In my book Romantisme tropical : l’aventure illustrée d’un peintre français au Brésil [Tropical Romanticism: The Illustrated Adventure of a French Painter in Brazil], I examine the construction of a particular image of Brazil in nineteenth-century France. I look at the various written and visual representations of Brazilian natives and black populations, through the work of the French artist François-Auguste Biard (1799-1882), in particular his richly illustrated travelogue Deux Années au Brésil(1862). The book argues that the image of Brazil conveyed in Biard’s travelogue, is part of a long French tradition of representing Brazil, which started in the sixteenth century, intensified during the nineteenth century, and persists today.
My most recent book Public Memory of Slavery: Victims and Perpetrators in the South Atlantic (2010) is a study of the recent phenomenon of memorialization of slavery in Brazil and Benin (West Africa). By examining monuments, memorials, and museums, I argue that the construction of the public memory of slavery in the South Atlantic is not only the result of survivals from the period of the Atlantic slave trade but also the outcome of a transnational movement that was accompanied by the continuous intervention of institutions and individuals who promoted the relations between Brazil and the present-day Republic of Benin.
Over the last few years, I also edited a number of books: Living History: Encountering the Memory of the Heirs of Slavery (2009), Paths of the Atlantic Slave Trade: Interactions, Identities (2011), and Politics of Memory: Making Slavery Visible in the Public Space (2012). With Paul E. Lovejoy and Mariana P. Candido I co-edited the volume Crossing Memories: Slavery and African Diaspora (2011). I was also guest editor of a special issue of the journal Luso-Brazilian Review titled “Brazilian Slavery and its Legacies” and a special issue of the Journal of African Diaspora Archeology and Heritage titled “Atlantic Approaches on Slave Resistance in the Americas.”
I have two book projects in progress. The first, Shadows of the Slave Past: Memory, Heritage and Slavery, is a transnational study of the public memory of slavery and the Atlantic slave trade. Combining historical and ethnographic analysis, I argue that the rise of the transnational public memory of slavery and the Atlantic slave trade in the public space is a movement based not only on historical and fictional narratives but also on images, widely disseminated through European travel accounts, photography, and film. I show that public initiatives (including monuments, memorials, and museum exhibitions) commemorating the Atlantic slave trade not only rely on visual and written representations of slavery of the eighteenth and nineteenth centuries, but also appropriate elements of the representations of other atrocities, especially the Holocaust.

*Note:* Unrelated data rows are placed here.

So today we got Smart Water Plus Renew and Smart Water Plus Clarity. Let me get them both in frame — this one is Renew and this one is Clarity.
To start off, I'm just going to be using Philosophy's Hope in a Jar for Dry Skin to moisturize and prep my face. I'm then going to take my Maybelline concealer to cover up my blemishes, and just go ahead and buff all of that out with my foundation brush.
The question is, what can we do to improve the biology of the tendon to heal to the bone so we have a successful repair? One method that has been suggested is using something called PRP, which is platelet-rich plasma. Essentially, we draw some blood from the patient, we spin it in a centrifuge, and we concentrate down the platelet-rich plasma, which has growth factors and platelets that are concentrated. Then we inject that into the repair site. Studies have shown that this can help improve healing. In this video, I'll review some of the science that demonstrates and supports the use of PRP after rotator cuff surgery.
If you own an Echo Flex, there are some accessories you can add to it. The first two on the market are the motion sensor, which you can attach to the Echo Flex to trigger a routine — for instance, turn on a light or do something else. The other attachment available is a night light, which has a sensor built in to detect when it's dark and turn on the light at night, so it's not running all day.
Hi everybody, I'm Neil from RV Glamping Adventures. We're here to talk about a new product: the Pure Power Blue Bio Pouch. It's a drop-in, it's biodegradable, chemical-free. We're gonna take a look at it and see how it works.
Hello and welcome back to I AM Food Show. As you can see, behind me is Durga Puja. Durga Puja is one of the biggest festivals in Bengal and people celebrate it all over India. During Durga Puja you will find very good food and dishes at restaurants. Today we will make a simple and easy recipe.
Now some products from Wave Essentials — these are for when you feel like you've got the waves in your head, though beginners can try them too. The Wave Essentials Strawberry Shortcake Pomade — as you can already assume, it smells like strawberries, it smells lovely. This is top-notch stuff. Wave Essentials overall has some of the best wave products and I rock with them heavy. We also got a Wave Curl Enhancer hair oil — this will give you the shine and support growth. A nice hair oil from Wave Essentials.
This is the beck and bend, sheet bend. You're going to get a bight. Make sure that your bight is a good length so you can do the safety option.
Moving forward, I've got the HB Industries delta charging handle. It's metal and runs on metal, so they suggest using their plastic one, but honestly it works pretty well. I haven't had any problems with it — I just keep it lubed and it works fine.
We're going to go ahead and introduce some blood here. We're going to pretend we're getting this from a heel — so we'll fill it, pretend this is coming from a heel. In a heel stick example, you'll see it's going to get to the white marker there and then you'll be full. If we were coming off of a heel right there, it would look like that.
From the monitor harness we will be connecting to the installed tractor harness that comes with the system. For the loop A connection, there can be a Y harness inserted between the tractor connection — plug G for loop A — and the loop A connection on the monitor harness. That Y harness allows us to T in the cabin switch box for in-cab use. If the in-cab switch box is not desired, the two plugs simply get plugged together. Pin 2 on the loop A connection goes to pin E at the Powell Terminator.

The second project titled Picturing Slavery in the Americas, is a historical analysis of European and North American travelogues visual and written representations of slavery in the Americas from the beginning of the eighteenth century to the end of the nineteenth century. The monograph expands my previous work on images of slavery of nineteenth-century European travelogues and is aimed to provide historians with methodological instruments to interpret representations of slave life in the Americas.
Also, I am finishing expanded versions of my book Romantisme tropical: l’aventure illustrée d’un peintre français au Brésil to be published in English and Portuguese.
Presently I am an Associate Professor of History and Director of Graduate Studies in the Department of History at Howard University (Washington DC). I am the editor of the Cambria Press book series Slavery: Past and Present. I am also a member of the editorial board of the Journal of African Diaspora Archeology and Heritage and member of the board of the newly created Potomac Center for the Study of Modernity.